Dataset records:
^^^^

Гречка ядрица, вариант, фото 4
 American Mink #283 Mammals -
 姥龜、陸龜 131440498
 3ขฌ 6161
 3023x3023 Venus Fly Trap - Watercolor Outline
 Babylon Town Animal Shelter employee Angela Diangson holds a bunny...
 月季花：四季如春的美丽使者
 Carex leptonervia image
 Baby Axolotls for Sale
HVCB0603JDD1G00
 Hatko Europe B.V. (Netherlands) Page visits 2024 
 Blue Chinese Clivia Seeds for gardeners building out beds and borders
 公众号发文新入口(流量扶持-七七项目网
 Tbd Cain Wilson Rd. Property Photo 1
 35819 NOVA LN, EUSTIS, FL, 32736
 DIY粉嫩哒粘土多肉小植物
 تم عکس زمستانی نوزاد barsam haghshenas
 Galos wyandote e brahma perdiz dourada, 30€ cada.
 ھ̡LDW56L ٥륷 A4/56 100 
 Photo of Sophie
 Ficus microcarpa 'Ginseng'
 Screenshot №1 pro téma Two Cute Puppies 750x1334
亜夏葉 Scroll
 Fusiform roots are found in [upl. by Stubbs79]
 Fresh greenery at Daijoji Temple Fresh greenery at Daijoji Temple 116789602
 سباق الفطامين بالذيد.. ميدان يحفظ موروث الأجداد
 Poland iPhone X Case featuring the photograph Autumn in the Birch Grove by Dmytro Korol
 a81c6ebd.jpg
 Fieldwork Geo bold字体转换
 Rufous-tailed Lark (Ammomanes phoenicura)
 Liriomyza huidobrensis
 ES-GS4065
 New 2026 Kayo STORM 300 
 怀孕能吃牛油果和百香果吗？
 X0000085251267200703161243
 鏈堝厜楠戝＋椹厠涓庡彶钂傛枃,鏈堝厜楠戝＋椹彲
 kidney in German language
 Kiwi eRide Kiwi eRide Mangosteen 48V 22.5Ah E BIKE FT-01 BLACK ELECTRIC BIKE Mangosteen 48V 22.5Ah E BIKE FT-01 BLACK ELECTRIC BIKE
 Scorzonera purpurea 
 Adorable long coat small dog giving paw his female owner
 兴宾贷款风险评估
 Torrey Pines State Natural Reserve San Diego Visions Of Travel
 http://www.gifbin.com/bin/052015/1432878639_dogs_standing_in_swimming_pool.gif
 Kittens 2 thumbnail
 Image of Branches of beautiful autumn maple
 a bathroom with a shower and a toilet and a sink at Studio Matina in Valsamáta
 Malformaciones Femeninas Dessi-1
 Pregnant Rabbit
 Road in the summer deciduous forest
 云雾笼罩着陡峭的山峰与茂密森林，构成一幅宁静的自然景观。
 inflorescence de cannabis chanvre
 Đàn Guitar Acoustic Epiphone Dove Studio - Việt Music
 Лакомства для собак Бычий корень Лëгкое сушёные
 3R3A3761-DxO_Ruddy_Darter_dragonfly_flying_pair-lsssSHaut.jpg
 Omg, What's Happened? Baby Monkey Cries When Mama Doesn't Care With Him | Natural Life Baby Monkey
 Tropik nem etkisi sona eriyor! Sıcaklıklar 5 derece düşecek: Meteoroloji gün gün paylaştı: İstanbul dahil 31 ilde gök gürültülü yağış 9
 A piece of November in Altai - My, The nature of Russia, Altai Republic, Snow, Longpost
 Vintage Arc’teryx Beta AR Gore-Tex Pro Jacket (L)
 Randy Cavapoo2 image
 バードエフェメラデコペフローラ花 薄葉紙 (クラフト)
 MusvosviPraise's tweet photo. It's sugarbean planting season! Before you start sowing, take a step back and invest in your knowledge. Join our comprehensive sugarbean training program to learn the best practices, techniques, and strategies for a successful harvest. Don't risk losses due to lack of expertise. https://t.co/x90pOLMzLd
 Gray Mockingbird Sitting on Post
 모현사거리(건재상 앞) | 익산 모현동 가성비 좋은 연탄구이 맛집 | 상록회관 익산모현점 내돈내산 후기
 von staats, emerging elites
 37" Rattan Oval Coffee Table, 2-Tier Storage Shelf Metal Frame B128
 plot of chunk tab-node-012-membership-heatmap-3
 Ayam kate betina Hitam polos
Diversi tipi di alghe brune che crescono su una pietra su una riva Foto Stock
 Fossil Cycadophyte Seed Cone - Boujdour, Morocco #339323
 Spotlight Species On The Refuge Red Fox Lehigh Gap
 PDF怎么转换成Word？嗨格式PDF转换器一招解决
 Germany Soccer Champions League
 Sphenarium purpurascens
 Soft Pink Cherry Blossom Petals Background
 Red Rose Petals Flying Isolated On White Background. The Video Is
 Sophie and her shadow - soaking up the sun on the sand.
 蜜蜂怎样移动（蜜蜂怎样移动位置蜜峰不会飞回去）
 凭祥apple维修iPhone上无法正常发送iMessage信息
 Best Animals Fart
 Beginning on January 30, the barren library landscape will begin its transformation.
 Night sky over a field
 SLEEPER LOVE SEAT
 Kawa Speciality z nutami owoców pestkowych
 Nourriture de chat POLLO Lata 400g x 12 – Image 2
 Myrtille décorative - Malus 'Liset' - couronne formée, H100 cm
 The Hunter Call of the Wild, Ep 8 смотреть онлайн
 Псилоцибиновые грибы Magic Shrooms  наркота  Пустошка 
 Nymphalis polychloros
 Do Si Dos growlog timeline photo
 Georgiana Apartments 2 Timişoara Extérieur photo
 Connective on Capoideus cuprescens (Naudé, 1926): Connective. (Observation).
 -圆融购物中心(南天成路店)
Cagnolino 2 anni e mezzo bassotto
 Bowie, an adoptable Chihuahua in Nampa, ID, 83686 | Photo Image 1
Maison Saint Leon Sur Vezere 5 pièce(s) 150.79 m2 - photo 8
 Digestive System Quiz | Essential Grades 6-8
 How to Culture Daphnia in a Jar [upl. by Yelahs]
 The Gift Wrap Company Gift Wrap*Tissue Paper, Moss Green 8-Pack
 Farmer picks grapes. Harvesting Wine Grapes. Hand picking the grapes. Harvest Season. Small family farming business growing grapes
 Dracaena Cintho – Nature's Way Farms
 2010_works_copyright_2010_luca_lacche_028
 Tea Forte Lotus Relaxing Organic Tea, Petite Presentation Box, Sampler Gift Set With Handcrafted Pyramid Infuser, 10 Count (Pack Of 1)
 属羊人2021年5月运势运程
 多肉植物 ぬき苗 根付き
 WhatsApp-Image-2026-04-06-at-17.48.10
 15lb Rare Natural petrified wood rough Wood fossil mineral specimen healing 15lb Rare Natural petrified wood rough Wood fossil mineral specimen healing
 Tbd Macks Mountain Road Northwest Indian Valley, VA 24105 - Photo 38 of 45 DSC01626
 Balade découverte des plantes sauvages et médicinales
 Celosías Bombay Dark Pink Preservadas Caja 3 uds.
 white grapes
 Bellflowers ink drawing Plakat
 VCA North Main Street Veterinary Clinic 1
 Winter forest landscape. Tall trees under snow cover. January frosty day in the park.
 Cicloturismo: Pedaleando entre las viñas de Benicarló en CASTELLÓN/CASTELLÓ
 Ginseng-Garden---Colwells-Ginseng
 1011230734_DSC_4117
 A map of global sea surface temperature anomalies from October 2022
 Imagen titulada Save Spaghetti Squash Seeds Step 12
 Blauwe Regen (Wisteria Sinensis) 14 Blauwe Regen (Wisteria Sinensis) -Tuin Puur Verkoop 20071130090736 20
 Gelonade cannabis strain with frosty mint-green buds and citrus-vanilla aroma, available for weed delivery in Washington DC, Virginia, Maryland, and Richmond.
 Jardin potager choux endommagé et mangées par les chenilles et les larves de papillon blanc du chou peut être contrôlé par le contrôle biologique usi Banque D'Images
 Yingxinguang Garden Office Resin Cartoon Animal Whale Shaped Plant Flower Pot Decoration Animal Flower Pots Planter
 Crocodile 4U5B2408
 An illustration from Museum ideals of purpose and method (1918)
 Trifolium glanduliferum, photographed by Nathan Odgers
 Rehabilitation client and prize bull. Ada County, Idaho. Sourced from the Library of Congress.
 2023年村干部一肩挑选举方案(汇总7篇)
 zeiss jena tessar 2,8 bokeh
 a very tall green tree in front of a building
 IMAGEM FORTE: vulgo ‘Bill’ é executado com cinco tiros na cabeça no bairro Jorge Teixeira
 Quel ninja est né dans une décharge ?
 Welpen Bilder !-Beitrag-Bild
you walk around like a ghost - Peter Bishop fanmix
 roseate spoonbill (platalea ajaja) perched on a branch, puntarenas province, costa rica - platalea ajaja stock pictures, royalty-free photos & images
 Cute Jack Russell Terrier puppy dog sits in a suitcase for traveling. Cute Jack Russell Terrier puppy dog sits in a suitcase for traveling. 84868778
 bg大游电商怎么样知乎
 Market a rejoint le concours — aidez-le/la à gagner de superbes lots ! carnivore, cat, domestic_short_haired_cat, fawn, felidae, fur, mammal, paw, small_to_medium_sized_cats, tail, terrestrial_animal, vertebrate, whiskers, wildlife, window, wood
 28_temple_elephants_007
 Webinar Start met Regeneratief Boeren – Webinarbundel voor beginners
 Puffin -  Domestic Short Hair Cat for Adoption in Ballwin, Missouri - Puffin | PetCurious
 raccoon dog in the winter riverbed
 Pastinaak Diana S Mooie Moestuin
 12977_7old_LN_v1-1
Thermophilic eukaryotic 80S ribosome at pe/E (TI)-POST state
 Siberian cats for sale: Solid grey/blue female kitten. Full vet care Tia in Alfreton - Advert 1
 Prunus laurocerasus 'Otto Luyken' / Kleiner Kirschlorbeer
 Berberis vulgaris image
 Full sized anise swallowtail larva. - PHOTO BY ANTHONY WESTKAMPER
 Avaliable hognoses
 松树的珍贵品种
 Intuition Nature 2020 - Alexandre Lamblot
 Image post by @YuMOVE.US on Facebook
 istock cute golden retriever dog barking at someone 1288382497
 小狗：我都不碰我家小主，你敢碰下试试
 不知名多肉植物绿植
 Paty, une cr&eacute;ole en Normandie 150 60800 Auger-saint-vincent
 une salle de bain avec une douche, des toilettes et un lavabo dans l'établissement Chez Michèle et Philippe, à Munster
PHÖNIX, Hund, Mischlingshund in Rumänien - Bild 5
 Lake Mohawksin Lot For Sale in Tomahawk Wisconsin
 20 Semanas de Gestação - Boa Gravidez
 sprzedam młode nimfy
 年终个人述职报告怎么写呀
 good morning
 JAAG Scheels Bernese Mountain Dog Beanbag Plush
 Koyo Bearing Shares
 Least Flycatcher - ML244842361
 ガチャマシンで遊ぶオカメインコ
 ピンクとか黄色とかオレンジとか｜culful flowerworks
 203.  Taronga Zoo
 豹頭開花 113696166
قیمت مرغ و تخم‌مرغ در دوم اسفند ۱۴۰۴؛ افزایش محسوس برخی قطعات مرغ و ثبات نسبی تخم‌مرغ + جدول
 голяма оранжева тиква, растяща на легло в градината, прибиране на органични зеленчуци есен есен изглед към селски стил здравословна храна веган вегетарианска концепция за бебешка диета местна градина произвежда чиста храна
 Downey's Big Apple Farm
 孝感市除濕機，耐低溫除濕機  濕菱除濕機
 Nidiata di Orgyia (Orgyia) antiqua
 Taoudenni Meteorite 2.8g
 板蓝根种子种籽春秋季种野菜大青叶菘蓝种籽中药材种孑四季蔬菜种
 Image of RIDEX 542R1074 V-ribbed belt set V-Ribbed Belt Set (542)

^^^^

Only one span is to be repeated: the line with "JAAG Scheels Bernese" through the final line of the entries above, word for word.

▶ [Output for this task]:
 JAAG Scheels Bernese Mountain Dog Beanbag Plush
 Koyo Bearing Shares
 Least Flycatcher - ML244842361
 ガチャマシンで遊ぶオカメインコ
 ピンクとか黄色とかオレンジとか｜culful flowerworks
 203.  Taronga Zoo
 豹頭開花 113696166
قیمت مرغ و تخم‌مرغ در دوم اسفند ۱۴۰۴؛ افزایش محسوس برخی قطعات مرغ و ثبات نسبی تخم‌مرغ + جدول
 голяма оранжева тиква, растяща на легло в градината, прибиране на органични зеленчуци есен есен изглед към селски стил здравословна храна веган вегетарианска концепция за бебешка диета местна градина произвежда чиста храна
 Downey's Big Apple Farm
 孝感市除濕機，耐低溫除濕機  濕菱除濕機
 Nidiata di Orgyia (Orgyia) antiqua
 Taoudenni Meteorite 2.8g
 板蓝根种子种籽春秋季种野菜大青叶菘蓝种籽中药材种孑四季蔬菜种
 Image of RIDEX 542R1074 V-ribbed belt set V-Ribbed Belt Set (542)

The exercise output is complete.